Dave,
Thanks for your comments. I'd like to respond in detail.
I'm sorry, but this is quite long, but it does serve to explain
much of how we arrived at the current Sense reference design
and implementation.
----------------------------------------------------------------------
> My list of requirements for an event notification service is a bit
> shorter than the published SENSE requirements document. Part of
> this is because I'm still trying to envision the abstract service,
> and the SENSE requirements drill down much further. Perhaps more
> importantly, it is also because I'm looking for a service that is
> scalable from very simple implementations on up, and the SENSE
> requirements focus on the high end.
>> My starting point is the idea of a notification service that, at its
> simplest, allows reliable, efficient event notification from an
> agent to a client. In this form, the service should be very
> lightweight to implement. On top of this, this basic service should
> be designed so it can be used as a building block to construct large
> scale services. And I think we should be able to do this in such a
> way that the scaling is transparent to both agent and client.
>> To be more specific, I'd like to see a simple agent/client service
> that can also be rewired as an agent/proxy/client service without
> change to the agent and client.
Agreed. Couldn't state it better myself. To reach this, we must be
aware--from the very start--of which aspects of scalability we need
to address.
I'd like to talk about Sense and scalability for a few moments.
The first scalability issue we addressed was the maximum number of
available TCP connections in small embedded agent environments;
hence, the requirement for datagrams (UDP) over streams (TCP).
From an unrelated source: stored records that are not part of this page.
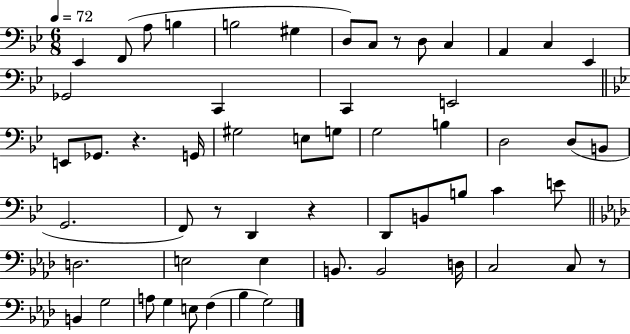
Eb2/q F2/e A3/e B3/q B3/h G#3/q D3/e C3/e R/e D3/e C3/q A2/q C3/q Eb2/q Gb2/h C2/q C2/q E2/h E2/e Gb2/e. R/q. G2/s G#3/h E3/e G3/e G3/h B3/q D3/h D3/e B2/e G2/h. F2/e R/e D2/q R/q D2/e B2/e B3/e C4/q E4/e D3/h. E3/h E3/q B2/e. B2/h D3/s C3/h C3/e R/e B2/q G3/h A3/e G3/q E3/e F3/q Bb3/q G3/h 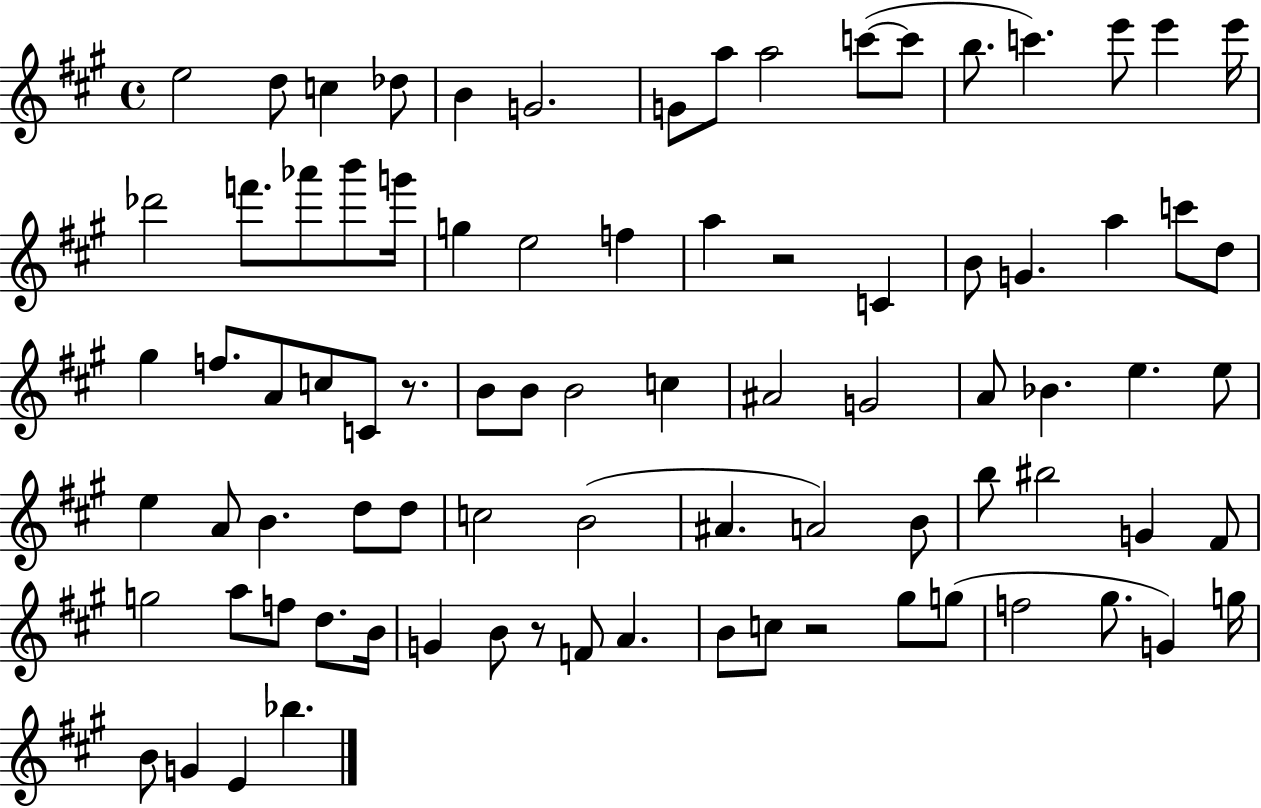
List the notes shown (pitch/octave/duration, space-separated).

E5/h D5/e C5/q Db5/e B4/q G4/h. G4/e A5/e A5/h C6/e C6/e B5/e. C6/q. E6/e E6/q E6/s Db6/h F6/e. Ab6/e B6/e G6/s G5/q E5/h F5/q A5/q R/h C4/q B4/e G4/q. A5/q C6/e D5/e G#5/q F5/e. A4/e C5/e C4/e R/e. B4/e B4/e B4/h C5/q A#4/h G4/h A4/e Bb4/q. E5/q. E5/e E5/q A4/e B4/q. D5/e D5/e C5/h B4/h A#4/q. A4/h B4/e B5/e BIS5/h G4/q F#4/e G5/h A5/e F5/e D5/e. B4/s G4/q B4/e R/e F4/e A4/q. B4/e C5/e R/h G#5/e G5/e F5/h G#5/e. G4/q G5/s B4/e G4/q E4/q Bb5/q. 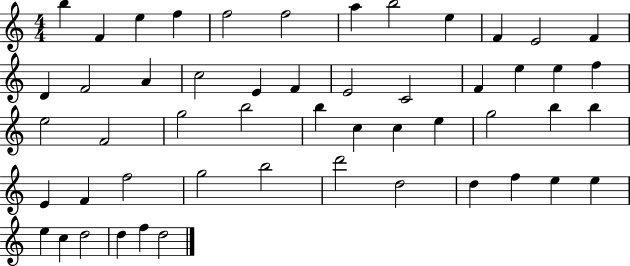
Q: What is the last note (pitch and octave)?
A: D5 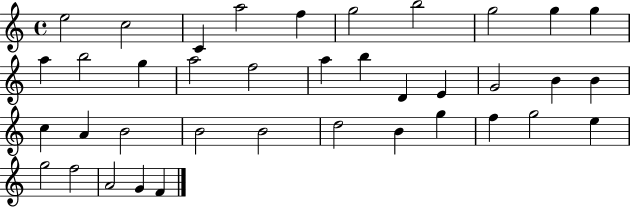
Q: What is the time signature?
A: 4/4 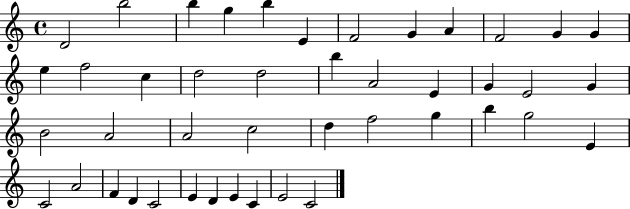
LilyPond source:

{
  \clef treble
  \time 4/4
  \defaultTimeSignature
  \key c \major
  d'2 b''2 | b''4 g''4 b''4 e'4 | f'2 g'4 a'4 | f'2 g'4 g'4 | \break e''4 f''2 c''4 | d''2 d''2 | b''4 a'2 e'4 | g'4 e'2 g'4 | \break b'2 a'2 | a'2 c''2 | d''4 f''2 g''4 | b''4 g''2 e'4 | \break c'2 a'2 | f'4 d'4 c'2 | e'4 d'4 e'4 c'4 | e'2 c'2 | \break \bar "|."
}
The second scaling factor we recognized was number of maximum
number of client "sessions" (or registrations) a single agent
could be expected to handle. Again, embedded agents may only
be able to support a relatively small number, quite possibly
fewer than the number of clients expected to request services
of the agent within an enterprise environment.
However, we didn't want the client to have to deal with issues
of agent limitations in this regard; hence, the early adoption
of a 3-tiered model with a central Server, in which the Server
could be easily run on scalable hardware (ie, a general host
system, such as NT, Unix, NetWare, etc). That way, agents (called
"Publishers" in Sense) can immediately be built with the up-front
expectation of being small in terms of capacity for clients
(called "Subscribers" in Sense).
Of course, there is no reason why an embedded system can't
function as both Server and Publisher (or multiple Publishers).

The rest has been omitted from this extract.